ENGSTER: Trimming the fat from the SEC

The time has arrived for the SEC to streamline its membership. It's unworkable to have a dozen teams competing for conference honors.

So, the league should become a compact, sportier model by reducing its members from 12 to nine.


This past football season, nine SEC teams traveled to bowls. Thus, it is easy to determine which nine members stay in the conference. We also can discern that Ole Miss, Mississippi State and Vanderbilt should start shopping for new conference destinations.


The Rebels, Bulldogs and Commodores drain the league of valuable dollars and prevent the SEC from crowning a true champion. If Ole Miss, MSU and Vandy were not siphoning funds from the strongest members of the SEC, LSU would not be forced to burden the nation's most loyal fans with escalating ticket prices.


The lucrative television and bowl revenues delivered to the least of the SEC brethren should be split among the nine strongest programs. This is a case of Darwinian survival of the fittest. Goodbye, Johnny Rebs; So long, State; See you, Vandy.


Some Ole Miss fans might question why Kentucky stays and the Rebs go in the new and improved SEC. The reason is simple. It's called basketball. Kentucky is still king of the college hoop scene and helps the league immensely in this department.

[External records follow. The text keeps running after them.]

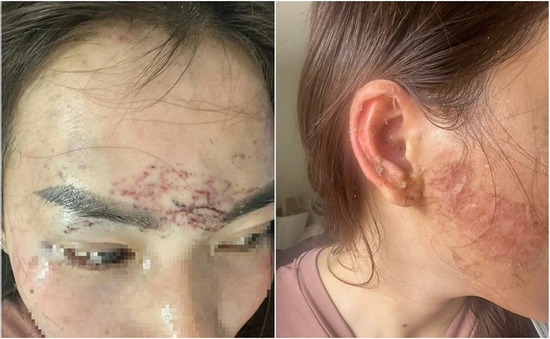 Một phụ nữ ở Cà Mau tố bị xăm mặt, cắt tóc... vì ghen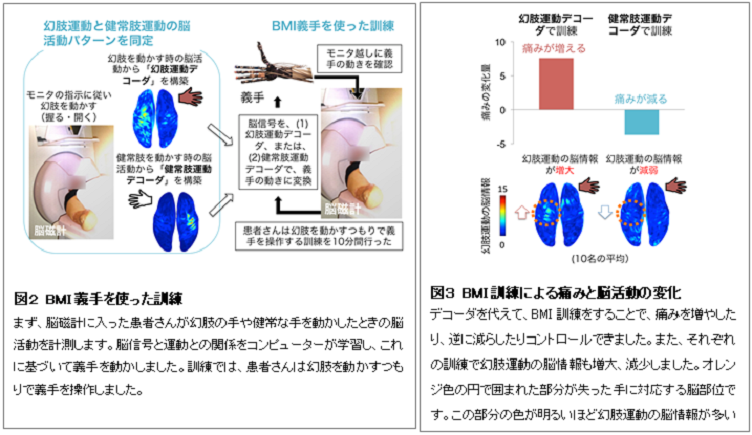 BMI訓練及び訓練による痛みと脳活動の変化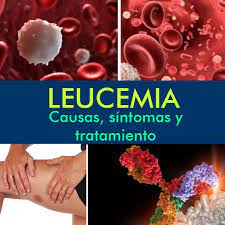 Maybe you would like to learn more about one of these? Leucemia Causas Sintomas Y Tratamiento La Guia De Las Vitaminas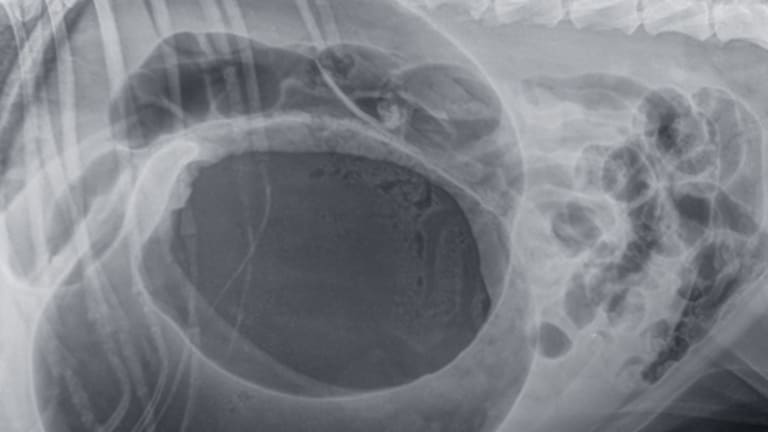 Gyomorcsavar: életveszélyes állapot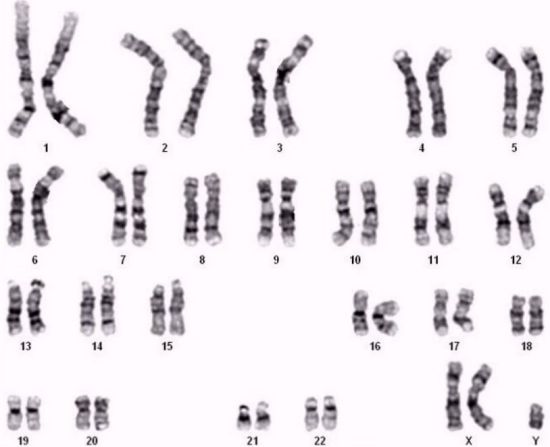 1μg Genomic DNA 47,XXY Ref Std for NIPT CBPJ0005
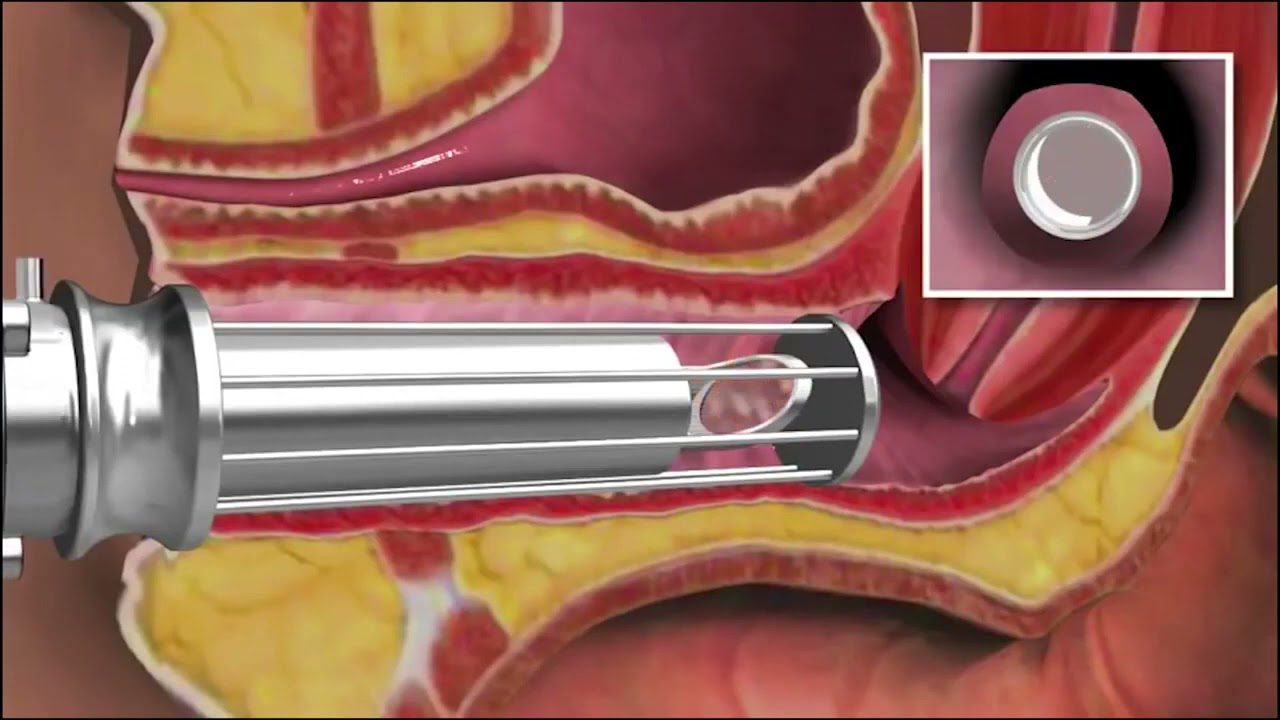 Danielle Carvalho-10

Here's how the new SEC will work: There will be one division for football and basketball with all nine members. Each league representative plays eight football games against conference foes, four at home and four away. At the end of the regular season, the top two teams meet in Atlanta in the SEC Championship Game. If necessary, tie-breakers will be employed as they are in the current divisional structure.


In LSU's case, the Tigers will play four additional non-conference games at home.


Likely, Ole Miss should appear on the schedule in Baton Rouge every year as a non-conference opponent. This is the way it was when Johnny Vaught was coaching Mississippi and chose to bring his team to Tiger Stadium almost every Halloween weekend.


Ole Miss followers may be ecstatic about trekking to Death Valley each year. From 1947-1966, this great rivalry was played 17 of 21 times in Louisiana. During that span, the Rebels owned a 13-6-2 advantage over LSU.


John Kennedy was president, the conference featured all-white teams and Sen. Trent Lott was a cheerleader when Ole Miss last dominated the league. The Rebels haven't reached the SEC pinnacle since 1963; Mississippi State hasn't captured league honors since 1941, and Vanderbilt has never reigned as the SEC's gridiron champ. By contrast, Tulane won the conference three times in football before defecting in 1966.


In basketball, the new format allows each SEC team to play every other team home and away in a 16-game league slate. Once again, a true regular season champion is recognized, and SEC post-season competition is unaffected. LSU fans will have the pleasure of booing Kentucky every year at the PMAC under this configuration.


This proposal was first recommended in this space in 1985. At that time, the now late, great former Ole Miss broadcaster Stan Torgerson was ticked off at this column and reacted with a vengeance. Torgerson was a worthy adversary, and I wouldn't be suggesting this if he were still alive.


Twenty-two years have gone since Stan the Man questioned the sanity of anyone recommending an SEC exit strategy for his beloved Ole Miss. Now, Mississippi fans should be enthused about competing in Conference USA where the Rebels will thrive.


Since 2000, LSU's footballers are 6-1 vs. Ole Miss; 7-0 vs. Mississippi State and 2-0 vs. Vanderbilt. Even though the Tigers salivate at the prospect of feasting on the league cupcakes, divorce is required in Oxford, Starkville and Nashville, so the SEC breadwinners will receive full access to community property. 


Under the realigned SEC, LSU will never again fail to compete against the best the league has to offer. The plethora of schools in the conference deprived the Tigers of the right to face Bo Jackson at Auburn, Herschel Walker at Georgia and Peyton Manning at Tennessee. Two Heisman Trophy winners and a runner-up were never contested by LSU defenders.


College sports are big businesses, not charities. LSU fans are contributing to the coffers of three programs that receive more than they produce. Vanderbilt may raise the overall grade point average of the league, but fans want their teams to play in BCS bowls, not quiz bowls.


This idea has so much merit that Houston Nutt and Steve Spurrier get the message to start collecting SEC hardware for trophy rooms at Arkansas and South Carolina. Otherwise, we may be looking at a seven team conference sometime soon.  But that's a column for another day.